この艦には、米陸軍の暗号専門官「フランク・B・ロウレット」を団長に、陸海軍各2名の暗号将校が便乗していたと記されています。
この使節団は、前の年の11月末に米・英両国間で結ばれた、暗号解読資料の交換を含む技術協定にもとずいて派遣されたものでした。
この時に、この使節団が携行した暗号物件の資料がごく一部ですが公開されているので載せておきます。
これは米国が英国に提供した暗号関係物件の一覧の一部です。
●日本外交用
パープル暗号機2台 暗号機の規約 3文字コードブック 解読技術開読書
レッド暗号機2台 暗号機の規約 解読技術解説書
領事館用暗号書2部 2次作業用の規約
Jー17暗号書
外交用暗号書2部(秘密度の低いもの)
●日本海軍用
艦隊用暗号書2部 乱数表 解読技術解説書
輸送船用暗号書2部 2次作業用の規約
海軍武官用暗号書2部
無線用呼出符号書2部
日本外交用にある「パープル暗号機」とは、「九七式欧文印字機」(昭和12年製)の模造機のことで、暗号機とは原文を入力すると暗号文に変換し、逆に暗号文を入力すると原文に翻訳してくれる機能を持った機械です。

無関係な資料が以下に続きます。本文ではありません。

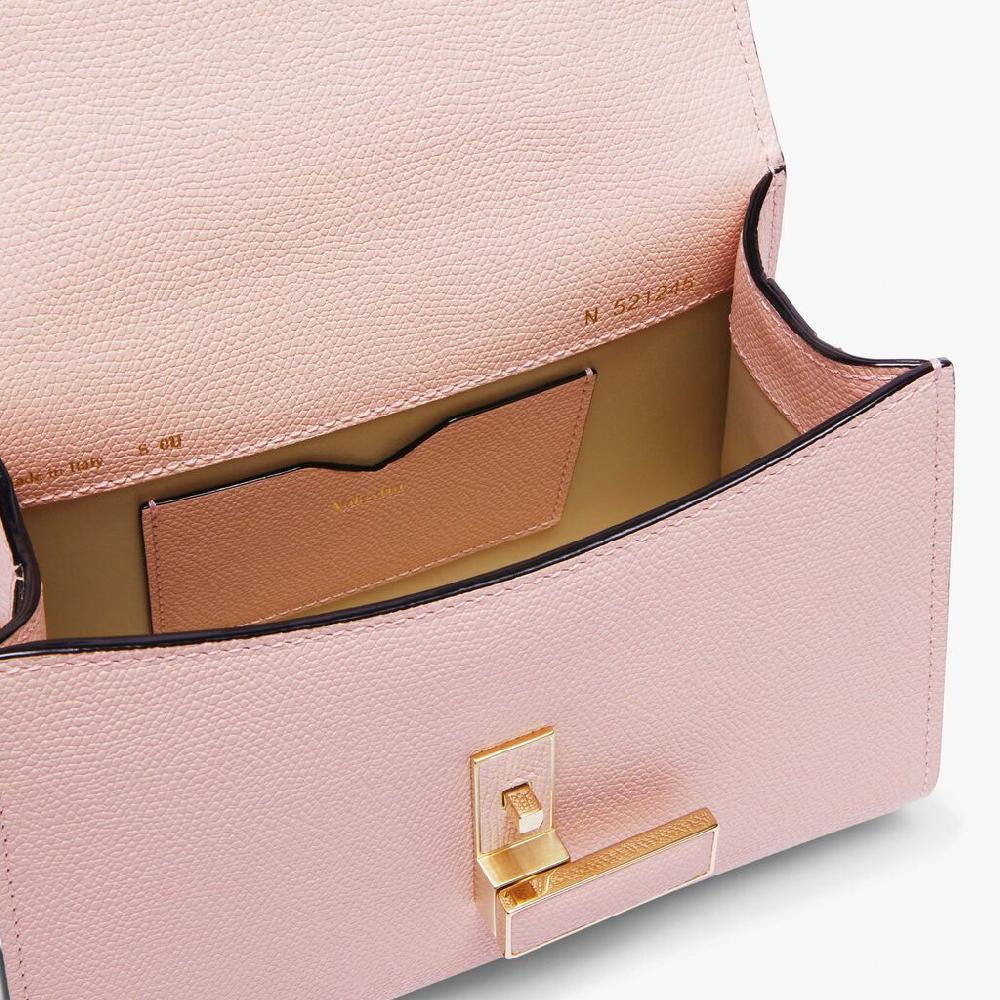 Valextra Borsetta piccola Micro in Pelle Rosa | Valextra Iside Moda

「九七式」の模造1号機は、昭和15年8月に完成していたといわれています。
そのためには、2年間という月日と、多数の暗号文の解読から判明した換字表の仕組み、昭和14年にニューヨークの日本総領事館から盗写した関係資料(3文字コードブック)、そして「ウィリアム・F・フリードマン」をはじめ多くの関係者の、文字どうりノイローゼになるぐらいの努力が必要だったといいます。
英国に供与されたのは、模造の2号機と3号機でした。
ニューヨークの総領事館で盗写された「3文字コードブック」は、日本語の起案文をローマ字表記する際、慣用語や数字などをアルファベット3文字に置き換えるための辞書のようなものです。

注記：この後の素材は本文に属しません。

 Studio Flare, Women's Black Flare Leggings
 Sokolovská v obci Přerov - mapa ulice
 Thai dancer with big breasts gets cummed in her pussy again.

パープル暗号の原文を完全に翻訳するためには欠かせないものであったといいます。
「レッド暗号機」は、九七式が装備される以前に使われていた「九一式印字機」(昭和6年製)模造機で、昭和11年に完成していたようです。
「九七式」がすべての在外公館に行き渡らなかったため、ソ連のウラジオストク領事館などでは、「九一式」がそのまま使われていました。

外務省の暗号機は、開戦後も枢軸国や中立国の在外公館と東京の間でそのまま使われていたため、終戦まで貴重な情報が米英側に漏れ続けていたことになります。

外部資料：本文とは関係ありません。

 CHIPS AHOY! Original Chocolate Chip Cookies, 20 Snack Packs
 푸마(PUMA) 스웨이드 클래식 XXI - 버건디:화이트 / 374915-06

次に、日本海軍用の欄にある「艦隊用暗号書」は、昭和14年6月から翌年の11月末まで使われていた暗号書です。
日本海軍は、この暗号で初めて乱数表を併用するようになりました。
基本暗号書には、各原語に5桁の数字コードが不規則に割り当てられています。
暗号化には、ある原文を基本暗号書で5桁の数字コード群に置き換えて、さらに二次作業として、乱数表の5桁の乱数列を加えていました。
数字コードと乱数の計算法には、繰り上がりをしない算術計算が使われていました。乱数表は100ページ綴りで、各ページには5桁の乱数が100組ずつ印刷されており、どのページのどの個所からでも使ってよいことになっていました。
このような使い方を「有限乱数方式」といいます。
「艦隊用暗号書」の解読には、このシリーズの過去の解読成果が役に立ったといいます。暗号書を改訂しても、ほとんど原語の語彙(ごい)は変わらなかったからです。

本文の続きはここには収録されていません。